Why do people feel trapped? Why is captivity a common facet of our cultural life: The Matrix, The Thirteenth Floor, Soylent Green, 1984, A Brave New World, World of Darkness, Blade, V for Vendetta, etc..?

"The world of the Takers is one vast prison, and except for a handful of Leavers scattered across the world, the entire human race is now inside that prison."

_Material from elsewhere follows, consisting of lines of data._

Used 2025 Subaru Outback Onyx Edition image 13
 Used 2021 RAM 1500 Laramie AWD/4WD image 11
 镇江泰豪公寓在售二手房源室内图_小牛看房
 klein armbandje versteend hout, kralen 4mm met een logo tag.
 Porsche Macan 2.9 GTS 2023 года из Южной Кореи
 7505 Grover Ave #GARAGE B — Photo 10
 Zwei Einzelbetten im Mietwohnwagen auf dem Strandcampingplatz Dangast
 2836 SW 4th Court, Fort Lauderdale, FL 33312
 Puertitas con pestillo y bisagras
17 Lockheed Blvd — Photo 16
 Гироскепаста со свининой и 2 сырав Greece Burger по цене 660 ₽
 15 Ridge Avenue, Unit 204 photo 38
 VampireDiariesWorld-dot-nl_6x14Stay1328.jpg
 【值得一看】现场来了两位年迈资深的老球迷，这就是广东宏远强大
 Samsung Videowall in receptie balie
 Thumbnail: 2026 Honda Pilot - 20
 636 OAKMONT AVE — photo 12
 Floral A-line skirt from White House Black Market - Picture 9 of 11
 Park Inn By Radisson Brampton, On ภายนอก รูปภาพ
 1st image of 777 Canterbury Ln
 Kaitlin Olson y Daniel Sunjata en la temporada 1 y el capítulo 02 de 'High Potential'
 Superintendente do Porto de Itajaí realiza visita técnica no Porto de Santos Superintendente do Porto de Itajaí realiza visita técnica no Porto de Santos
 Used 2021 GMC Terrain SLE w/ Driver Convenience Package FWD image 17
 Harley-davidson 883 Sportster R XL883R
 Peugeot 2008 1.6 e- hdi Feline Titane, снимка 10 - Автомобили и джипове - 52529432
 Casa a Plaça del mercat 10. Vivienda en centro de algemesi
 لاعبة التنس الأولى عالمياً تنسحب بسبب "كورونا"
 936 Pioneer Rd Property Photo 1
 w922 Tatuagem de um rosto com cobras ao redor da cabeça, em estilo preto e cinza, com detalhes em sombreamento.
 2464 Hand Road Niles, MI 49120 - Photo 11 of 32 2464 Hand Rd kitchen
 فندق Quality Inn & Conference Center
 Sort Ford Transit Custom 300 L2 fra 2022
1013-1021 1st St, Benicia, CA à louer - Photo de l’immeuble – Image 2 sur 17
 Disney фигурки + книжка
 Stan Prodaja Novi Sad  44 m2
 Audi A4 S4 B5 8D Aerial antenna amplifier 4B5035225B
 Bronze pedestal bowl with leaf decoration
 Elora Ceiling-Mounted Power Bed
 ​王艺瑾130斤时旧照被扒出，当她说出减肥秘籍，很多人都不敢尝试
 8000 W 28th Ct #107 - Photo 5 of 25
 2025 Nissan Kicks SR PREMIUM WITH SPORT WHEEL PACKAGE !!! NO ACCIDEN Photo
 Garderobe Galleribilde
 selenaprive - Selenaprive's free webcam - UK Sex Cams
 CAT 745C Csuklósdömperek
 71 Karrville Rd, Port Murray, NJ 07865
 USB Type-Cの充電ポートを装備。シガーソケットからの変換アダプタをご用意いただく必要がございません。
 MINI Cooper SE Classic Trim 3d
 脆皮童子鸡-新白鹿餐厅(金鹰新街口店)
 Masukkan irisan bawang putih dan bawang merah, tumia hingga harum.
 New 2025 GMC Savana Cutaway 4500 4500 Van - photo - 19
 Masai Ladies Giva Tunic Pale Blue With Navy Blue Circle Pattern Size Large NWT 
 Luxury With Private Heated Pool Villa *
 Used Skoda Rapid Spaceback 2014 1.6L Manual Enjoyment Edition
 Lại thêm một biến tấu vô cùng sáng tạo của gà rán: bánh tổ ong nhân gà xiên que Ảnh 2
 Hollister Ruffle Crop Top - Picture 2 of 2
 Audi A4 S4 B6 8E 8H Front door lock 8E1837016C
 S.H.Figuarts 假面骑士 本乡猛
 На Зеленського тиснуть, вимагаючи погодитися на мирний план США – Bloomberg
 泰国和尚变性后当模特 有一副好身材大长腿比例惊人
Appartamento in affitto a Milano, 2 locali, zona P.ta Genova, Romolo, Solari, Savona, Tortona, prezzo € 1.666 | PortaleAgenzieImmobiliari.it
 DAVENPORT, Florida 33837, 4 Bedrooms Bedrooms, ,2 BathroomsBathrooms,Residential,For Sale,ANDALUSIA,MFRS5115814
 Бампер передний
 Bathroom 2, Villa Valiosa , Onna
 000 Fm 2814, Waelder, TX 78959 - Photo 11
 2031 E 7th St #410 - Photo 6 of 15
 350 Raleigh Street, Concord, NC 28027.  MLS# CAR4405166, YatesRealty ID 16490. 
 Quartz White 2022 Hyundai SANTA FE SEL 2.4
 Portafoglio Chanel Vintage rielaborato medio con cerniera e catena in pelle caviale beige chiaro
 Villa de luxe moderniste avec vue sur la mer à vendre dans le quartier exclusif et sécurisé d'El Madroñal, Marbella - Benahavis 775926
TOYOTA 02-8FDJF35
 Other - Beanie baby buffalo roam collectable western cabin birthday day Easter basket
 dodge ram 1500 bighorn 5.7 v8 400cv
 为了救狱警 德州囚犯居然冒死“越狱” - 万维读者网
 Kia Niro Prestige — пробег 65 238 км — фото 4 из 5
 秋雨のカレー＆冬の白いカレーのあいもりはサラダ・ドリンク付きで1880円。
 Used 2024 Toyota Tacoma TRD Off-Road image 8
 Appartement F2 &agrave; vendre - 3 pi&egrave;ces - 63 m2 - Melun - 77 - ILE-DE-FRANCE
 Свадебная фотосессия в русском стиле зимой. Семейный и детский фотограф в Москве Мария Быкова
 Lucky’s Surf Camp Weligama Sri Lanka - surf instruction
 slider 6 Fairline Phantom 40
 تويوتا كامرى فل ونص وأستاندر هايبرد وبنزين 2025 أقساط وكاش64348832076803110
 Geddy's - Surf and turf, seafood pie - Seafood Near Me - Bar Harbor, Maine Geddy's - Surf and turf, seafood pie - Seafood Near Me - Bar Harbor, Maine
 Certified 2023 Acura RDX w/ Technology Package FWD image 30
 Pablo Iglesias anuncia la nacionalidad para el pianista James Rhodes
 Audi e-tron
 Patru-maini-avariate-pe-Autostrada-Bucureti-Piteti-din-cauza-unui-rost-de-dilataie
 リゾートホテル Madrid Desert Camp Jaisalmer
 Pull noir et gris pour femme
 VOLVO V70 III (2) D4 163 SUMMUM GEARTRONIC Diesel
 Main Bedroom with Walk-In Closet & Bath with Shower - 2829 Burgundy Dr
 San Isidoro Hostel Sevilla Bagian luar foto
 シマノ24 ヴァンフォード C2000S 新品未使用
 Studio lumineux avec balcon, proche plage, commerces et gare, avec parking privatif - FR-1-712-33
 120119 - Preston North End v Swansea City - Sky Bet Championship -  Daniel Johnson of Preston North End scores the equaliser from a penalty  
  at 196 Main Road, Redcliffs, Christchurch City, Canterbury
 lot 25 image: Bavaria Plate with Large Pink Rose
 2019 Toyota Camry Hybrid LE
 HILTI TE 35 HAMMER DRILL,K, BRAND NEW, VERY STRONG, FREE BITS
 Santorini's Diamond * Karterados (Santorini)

Daniel Quinn, In 'Ishmael'

Why do people wonder if they are deceived in our culture? Plato wondered about his mythological cave where people were imprisoned and taught that the cave with its shadow puppets was the whole world. Obviously Plato was trying to say that we were being deceived into accepting  a psychological prison of some kind. Descartes said much the same with his thought experiments about the evil mastermind who may be able to convince us that what we see is real, when in fact it is simply a construct of his making. From these images, the Wachowski brothers crafted the Matrix Trilogy- three movies about imprisonment of body, mind and ideology- all of which seem to heavily imply that human beings live in a box.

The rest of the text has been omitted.